» **Your goal**
Each entry must be returned exactly. None may be omitted.

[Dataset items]
++++++++

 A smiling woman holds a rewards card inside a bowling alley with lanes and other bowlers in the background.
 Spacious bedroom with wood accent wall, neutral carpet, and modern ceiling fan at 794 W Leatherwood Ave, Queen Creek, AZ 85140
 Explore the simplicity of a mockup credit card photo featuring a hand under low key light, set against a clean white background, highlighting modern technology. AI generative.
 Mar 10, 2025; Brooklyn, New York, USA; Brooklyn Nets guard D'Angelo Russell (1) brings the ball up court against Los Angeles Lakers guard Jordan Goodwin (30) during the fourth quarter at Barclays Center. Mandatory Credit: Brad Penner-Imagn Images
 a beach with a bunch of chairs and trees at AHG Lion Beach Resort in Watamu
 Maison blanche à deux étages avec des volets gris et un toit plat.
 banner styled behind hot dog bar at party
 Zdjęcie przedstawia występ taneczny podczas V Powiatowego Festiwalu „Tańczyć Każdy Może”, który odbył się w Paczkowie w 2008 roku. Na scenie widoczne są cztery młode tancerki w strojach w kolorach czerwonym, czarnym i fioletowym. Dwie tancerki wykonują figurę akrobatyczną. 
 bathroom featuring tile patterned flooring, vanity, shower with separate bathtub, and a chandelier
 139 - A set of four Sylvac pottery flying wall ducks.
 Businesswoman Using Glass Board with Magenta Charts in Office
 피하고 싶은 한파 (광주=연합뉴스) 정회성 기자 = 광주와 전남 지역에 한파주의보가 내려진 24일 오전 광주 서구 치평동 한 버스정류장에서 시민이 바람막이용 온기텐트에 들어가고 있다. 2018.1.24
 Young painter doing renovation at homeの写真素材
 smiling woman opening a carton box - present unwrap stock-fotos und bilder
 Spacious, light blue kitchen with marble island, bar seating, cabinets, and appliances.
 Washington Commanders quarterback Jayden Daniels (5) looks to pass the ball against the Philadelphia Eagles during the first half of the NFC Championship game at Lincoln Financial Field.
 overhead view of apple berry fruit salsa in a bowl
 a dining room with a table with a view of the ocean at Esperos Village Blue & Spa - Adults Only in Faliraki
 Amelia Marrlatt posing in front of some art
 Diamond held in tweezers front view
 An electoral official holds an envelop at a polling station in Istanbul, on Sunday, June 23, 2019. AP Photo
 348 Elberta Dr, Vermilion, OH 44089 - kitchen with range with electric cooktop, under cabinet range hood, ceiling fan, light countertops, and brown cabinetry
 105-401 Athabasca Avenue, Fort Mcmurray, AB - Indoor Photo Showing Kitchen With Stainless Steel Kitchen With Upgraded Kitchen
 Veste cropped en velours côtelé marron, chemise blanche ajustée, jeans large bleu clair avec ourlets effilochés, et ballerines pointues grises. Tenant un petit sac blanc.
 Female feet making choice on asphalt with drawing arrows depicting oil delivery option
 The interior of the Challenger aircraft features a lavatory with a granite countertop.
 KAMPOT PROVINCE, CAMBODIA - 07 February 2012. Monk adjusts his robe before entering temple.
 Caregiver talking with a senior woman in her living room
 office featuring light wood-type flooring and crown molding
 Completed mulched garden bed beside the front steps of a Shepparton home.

++++++++

» **Result for this exercise**
 A smiling woman holds a rewards card inside a bowling alley with lanes and other bowlers in the background.
 Spacious bedroom with wood accent wall, neutral carpet, and modern ceiling fan at 794 W Leatherwood Ave, Queen Creek, AZ 85140
 Explore the simplicity of a mockup credit card photo featuring a hand under low key light, set against a clean white background, highlighting modern technology. AI generative.
 Mar 10, 2025; Brooklyn, New York, USA; Brooklyn Nets guard D'Angelo Russell (1) brings the ball up court against Los Angeles Lakers guard Jordan Goodwin (30) during the fourth quarter at Barclays Center. Mandatory Credit: Brad Penner-Imagn Images
 a beach with a bunch of chairs and trees at AHG Lion Beach Resort in Watamu
 Maison blanche à deux étages avec des volets gris et un toit plat.
 banner styled behind hot dog bar at party
 Zdjęcie przedstawia występ taneczny podczas V Powiatowego Festiwalu „Tańczyć Każdy Może”, który odbył się w Paczkowie w 2008 roku. Na scenie widoczne są cztery młode tancerki w strojach w kolorach czerwonym, czarnym i fioletowym. Dwie tancerki wykonują figurę akrobatyczną. 
 bathroom featuring tile patterned flooring, vanity, shower with separate bathtub, and a chandelier
 139 - A set of four Sylvac pottery flying wall ducks.
 Businesswoman Using Glass Board with Magenta Charts in Office
 피하고 싶은 한파 (광주=연합뉴스) 정회성 기자 = 광주와 전남 지역에 한파주의보가 내려진 24일 오전 광주 서구 치평동 한 버스정류장에서 시민이 바람막이용 온기텐트에 들어가고 있다. 2018.1.24
 Young painter doing renovation at homeの写真素材
 smiling woman opening a carton box - present unwrap stock-fotos und bilder
 Spacious, light blue kitchen with marble island, bar seating, cabinets, and appliances.
 Washington Commanders quarterback Jayden Daniels (5) looks to pass the ball against the Philadelphia Eagles during the first half of the NFC Championship game at Lincoln Financial Field.
 overhead view of apple berry fruit salsa in a bowl
 a dining room with a table with a view of the ocean at Esperos Village Blue & Spa - Adults Only in Faliraki
 Amelia Marrlatt posing in front of some art
 Diamond held in tweezers front view
 An electoral official holds an envelop at a polling station in Istanbul, on Sunday, June 23, 2019. AP Photo
 348 Elberta Dr, Vermilion, OH 44089 - kitchen with range with electric cooktop, under cabinet range hood, ceiling fan, light countertops, and brown cabinetry
 105-401 Athabasca Avenue, Fort Mcmurray, AB - Indoor Photo Showing Kitchen With Stainless Steel Kitchen With Upgraded Kitchen
 Veste cropped en velours côtelé marron, chemise blanche ajustée, jeans large bleu clair avec ourlets effilochés, et ballerines pointues grises. Tenant un petit sac blanc.
 Female feet making choice on asphalt with drawing arrows depicting oil delivery option
 The interior of the Challenger aircraft features a lavatory with a granite countertop.
 KAMPOT PROVINCE, CAMBODIA - 07 February 2012. Monk adjusts his robe before entering temple.
 Caregiver talking with a senior woman in her living room
 office featuring light wood-type flooring and crown molding
 Completed mulched garden bed beside the front steps of a Shepparton home.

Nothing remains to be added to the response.